Monday, October 04, 2010

Of Yarn and Dharma Encounters

Back from sesshin (What? Another one? Yes, and please may I have more? Soon?). Before I left, I finished up the yarn that I had been working on. As expected, it isn't at all what I expected.

It is a big skein - well over 400 yds although I haven't actually counted up the yardage yet.

Have to say that it isn't one that I would reach for if given a choice but it is pretty. Since it will be joining my other yarns at the craft fair here in Sunnyside this weekend, it doesn't matter if it isn't my favourite. It may be someone else's favourite. Or favorite.

I also came back from sesshin with a bit of a cold. While it was somewhat of a drag to be less than perfectly healthy while sitting, it did reveal to me that it is possible to be fully engaged in sesshin while sick. Yes, you can sit still with a runny nose! No governments fell, no mountains toppled, no lives were lost. No, just some drippy snot ran down my face and then I wiped it away. Frankly, that is good to know.

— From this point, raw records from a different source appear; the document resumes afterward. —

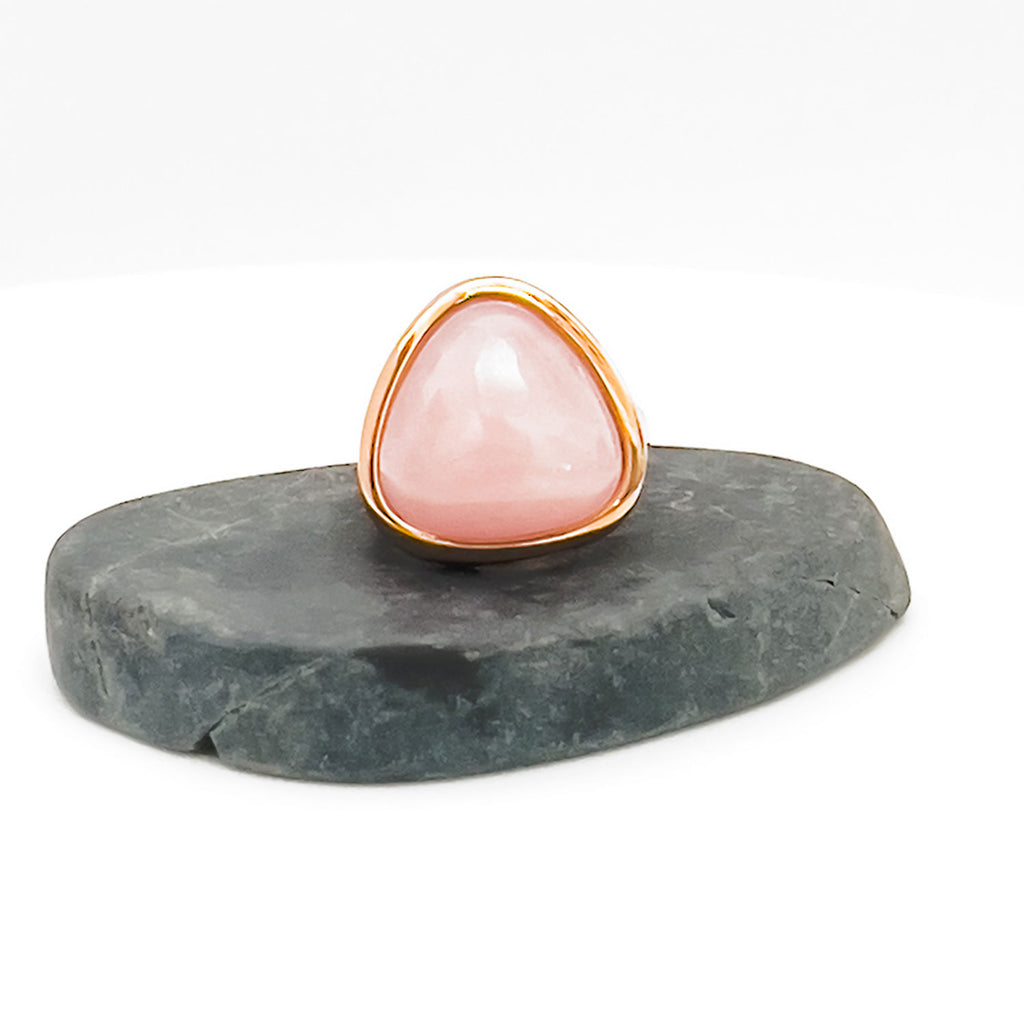 18k gold plated ring with large light pink natural rose quartz stone displayed on a stone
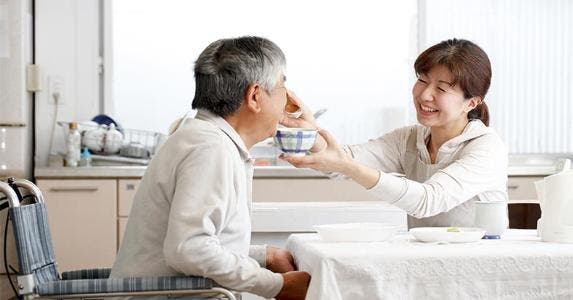 IRS rejects my claim for Dad as an exemption Daughter feeding her father a bowl of soup © kazoka/Shutterstock.com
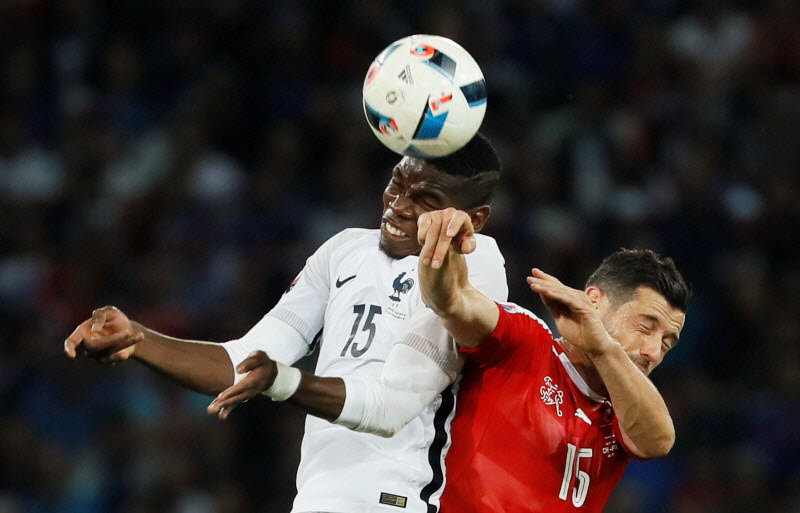 Switzerland's Blerim Dzemaili and France's Paul Pogba REUTERS  Gonzalo Fuentes Livepic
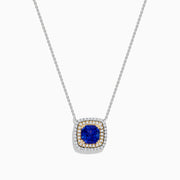 The Nahla Siri 14K Two Tone Gold Tanzanite and Diamond Necklace features a square pendant with deep blue tanzanite, framed by a double halo of sparkling diamonds in silver and gold tones.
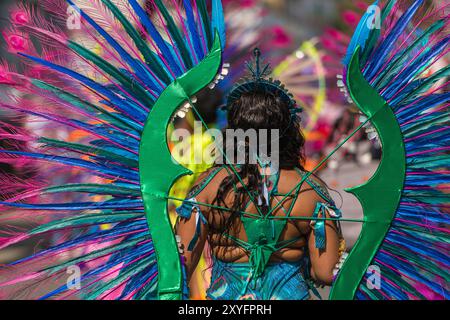 Showtime beim jährlichen Notting Hill Carnival als aufwendig gekleidete Darsteller der Erwachsenenparade schreiten langsam durch West-London Stockfoto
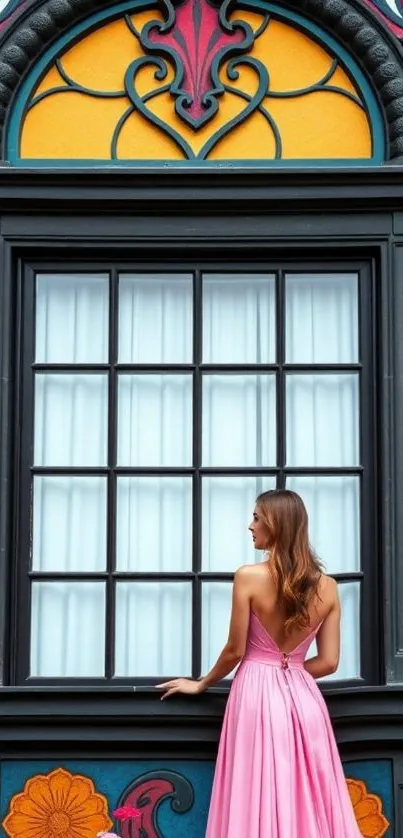 Woman in pink dress standing by a colorful window.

As a natural enthusiast, I wish that everyone could experience sesshin - its challenges and delights. But I know it isn't something that can be forced. One either comes to it or not. On Sunday morning, my job was to be the front door greeter when the Temple was open for its regular Sunday program. If someone comes for the first time, I show them where to go, and as people come in late, I squeeze them in quietly after the program begins. After they receive beginning instruction upstairs, newcomers come back down to the zendo for the dharma talk given by the teacher, monastic or senior student. Yesterday, it was a special occasion - for the first time at the Temple, the teacher held a dharma combat, or as they more gently called it, a dharma encounter. In it, students line up and ask the teacher questions based on the topic he states at the beginning. In this case, it was about upaya or skillful means. It is an opportunity to get a glimpse of how people practice and how the teacher responds to each student individually. And also a chance to challenge the teacher in a way, even as he is challenging the students.

I have only seen it once before and both times it was an amazing thing - to see how others engage the teacher and to witness his remarkable ability to respond with clarity and deep compassion (and if you think that means he is always nice, please reconsider what compassion may mean). To me, to be able to witness this was like I was being handed the biggest and best gift ever. Then I looked around at the new people to see how they were absorbing what was happening. Some were fairly spellbound, clearly moved by what was happening. Some were anxious, obviously having trouble sitting still for so long. And some looked rather bored and like they couldn't wait to get the hell out of there. And so it is. What is to some a mind blowing experience is to others a bone-ass weird freak show.

And then it ended and we all went home.